Dos grandes de la sabana
Las sabanas del Bolívar Grande y, en especial, la subregión de los Montes de María conforman un territorio de vital importancia en el Caribe colombiano.
Son de una inmensa riqueza natural y cultural, y sus pobladores, “los sabaneros”, atesoran un don de gente buena y amistosa que, ni la más cruda violencia vivida en el siglo pasado, ha podido mermar su espíritu cálido, creativo y alegre.
El cerro de Maco y el cantautor Adolfo Pacheco son dos de sus grandes tesoros. El Maco, en jurisdicción de San Jacinto, es un cerro tutelar donde nacen quebradas, arroyos y riachuelos que llenan de vida el entorno sabanero; viven allí especies de flora y fauna primordiales para el medioambiente caribeño. Su riqueza y magnificencia son resaltadas por Adolfo en dos de sus más exitosos temas musicales: La hamaca grande y El mochuelo. Además, es tierra ancestral de los indios malibúes y zenúes, exquisitos alfareros, tejedores y agricultores.

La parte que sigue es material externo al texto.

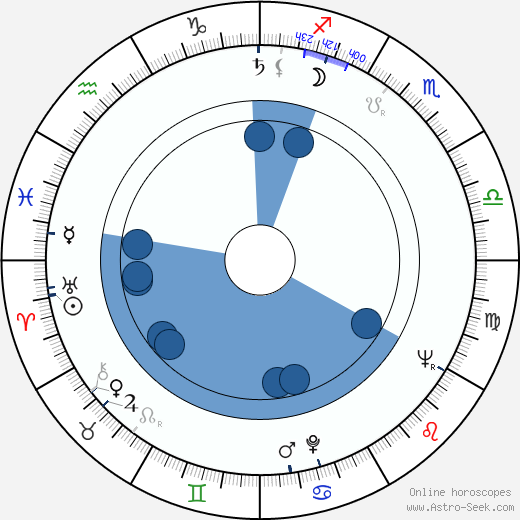 Shirley Stoler horoscope, astrology, sign, zodiac, date of birth, instagram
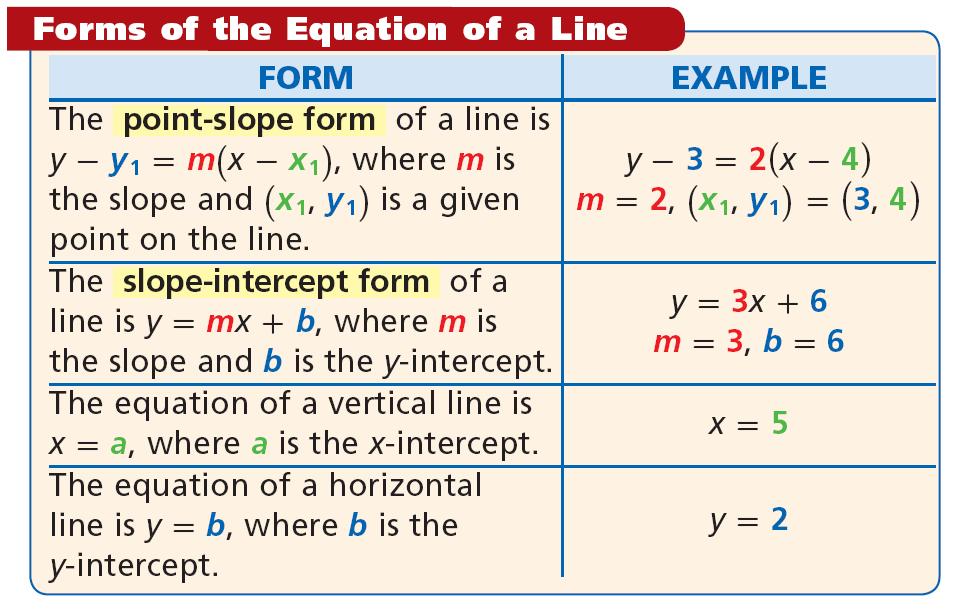 Section 3.6 Lines in the Coordinate Plane (3) Objectives: Graph lines and write their equations in slope-intercept and point-slope form. Classif lines as parallel, intersecting, or coinciding.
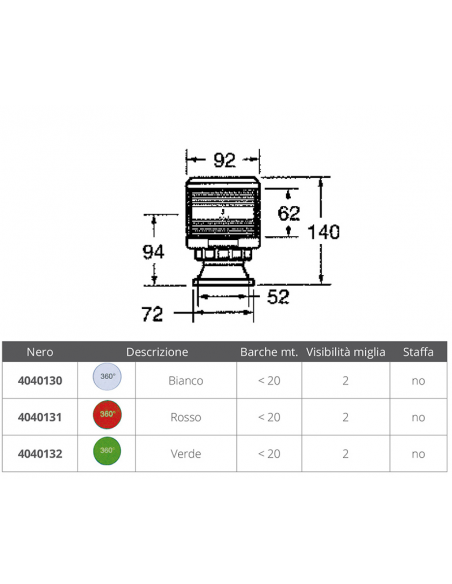 FANALE SERIE 35 ROSSA 360° DHR FANALE SERIE 35 ROSSA 360° DHR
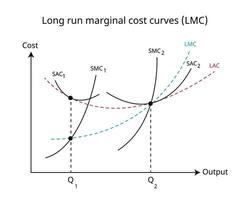 Long run marginal cost is defined at the additional cost of producing an extra unit of the output in the long run in economics vector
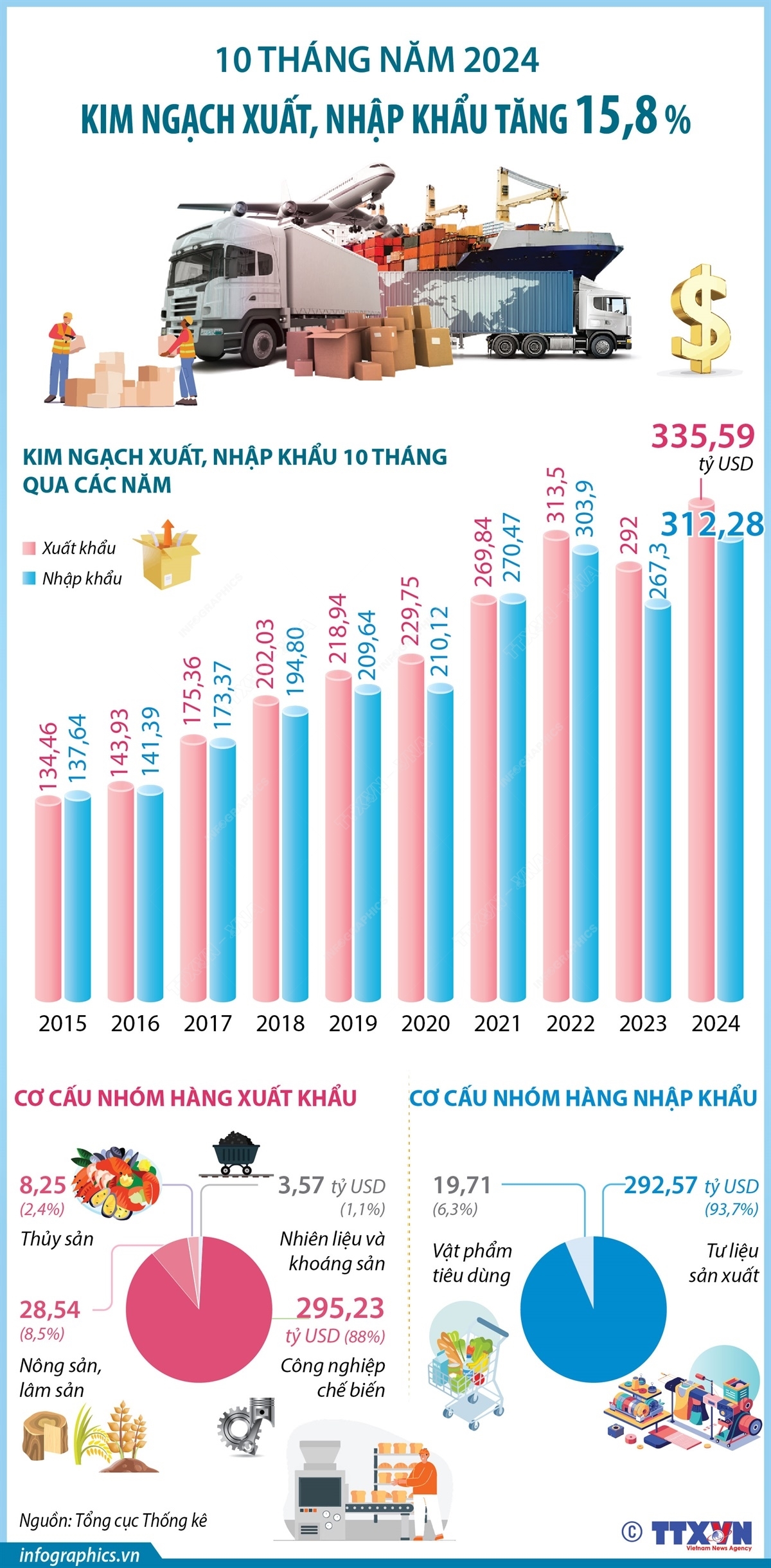 Kim ngạch xuất, nhập khẩu 10 tháng năm 2024 của cả nước tăng 15,8%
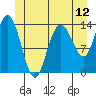 Dry Strait tide chart for Thursday, June 12, 2025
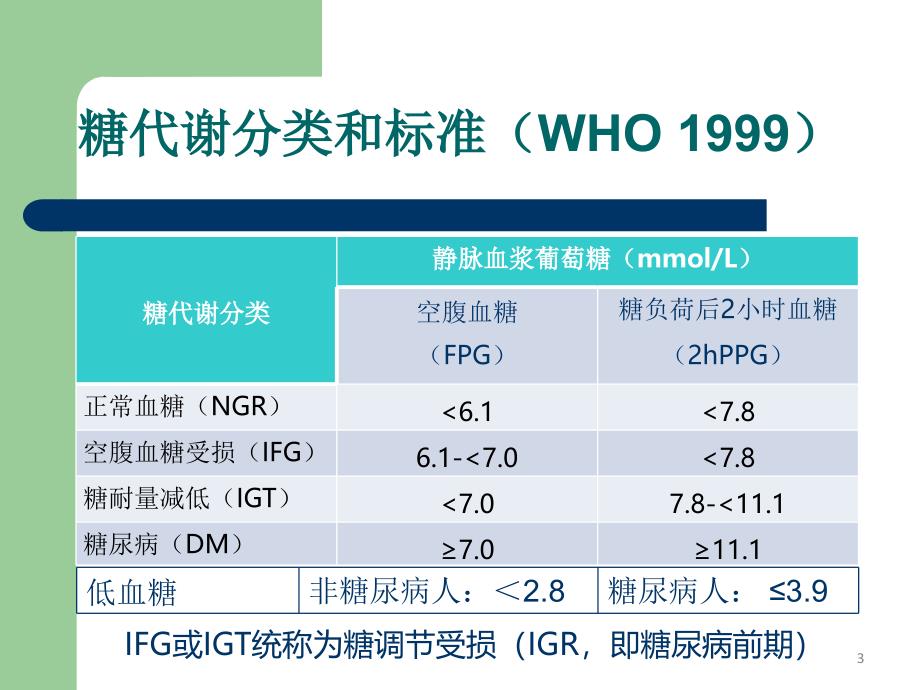 血糖监测技术文档资料_第3页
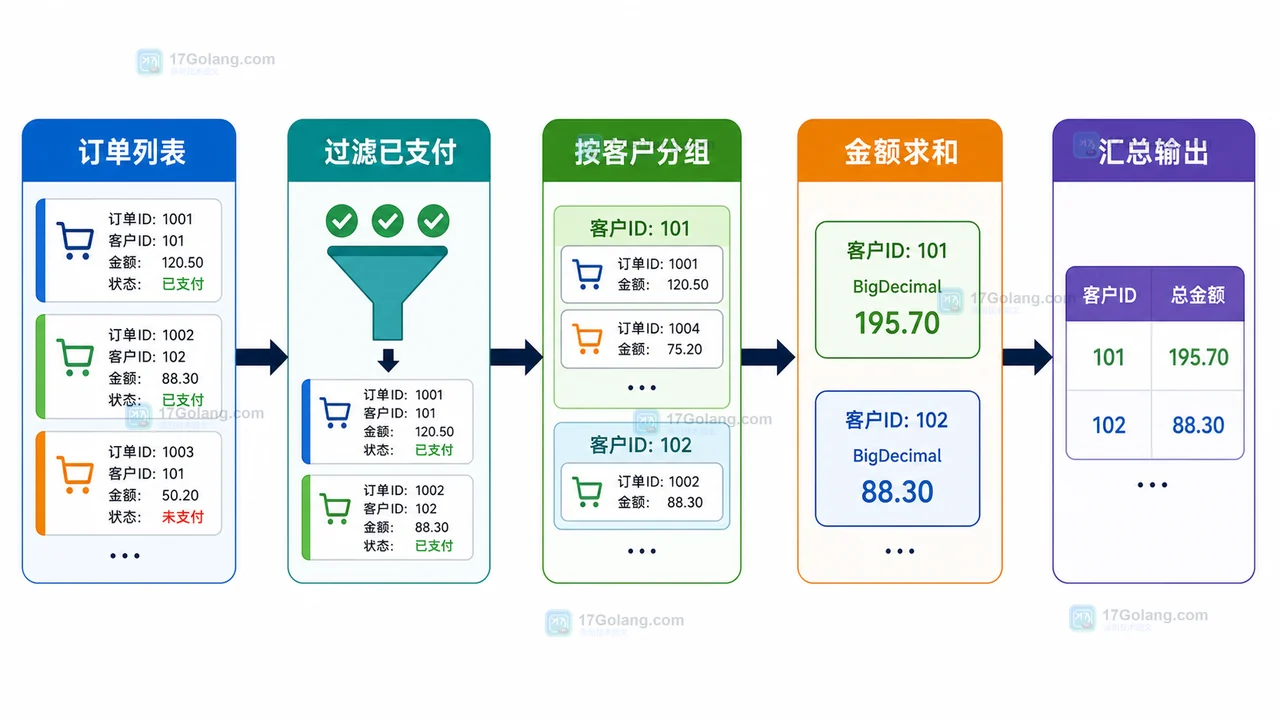 Java Stream 分组统计实验：从订单列表到客户消费汇总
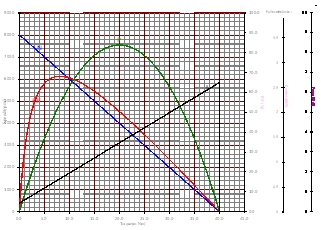 performance curve bl2430 S02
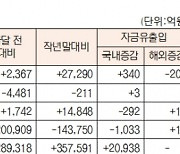 [데이터로 보는 증시]유형별 펀드 자금 동향(1월 12일)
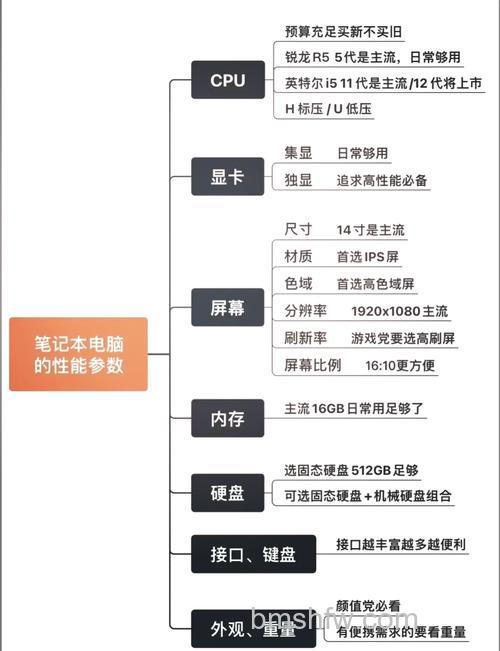 独立显卡好还是集成显卡好?详细区别与选择指南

Esta heredad indígena hoy se expresa a través de las hamacas y mochilas tejidas por las manos prodigiosas de las mujeres sanjacinteras.
Así mismo, Adolfo Pacheco, a lo largo de sus 80 años y con más de 162 composiciones musicales grabadas por los más importantes intérpretes y orquestas colombianas, ha configurado un cosmos de personajes, vivencias, amores, desamores y hábitos de los montemarianos, e integra de manera virtuosa e ingeniosa las peculiaridades socioculturales del ser Caribe en una simbiosis perfecta.
Su prolífica obra musical comprende una variedad de ritmos, sentimientos, usanzas y dejos sumamente fecundos en tonos menores que le dan un donaire sentimental y triste. Al escucharlo en 1966 en Cartagena, Gabito le expresó: “Adolfo, tú cantas con dolor y tu dolor es fecundo”.
Esta gracia lúgubre en sus canciones —reconoce él— deriva de la pérdida muy temprana, a los 8 años, de su madre, quien, llevándole la contraria a su padre, auspició su vena musical regalándole una dulzaina, un redoblante y un llamador, que fueron mecha iniciadora de ese fuego creativo e interpretativo en que ha discurrido su vida.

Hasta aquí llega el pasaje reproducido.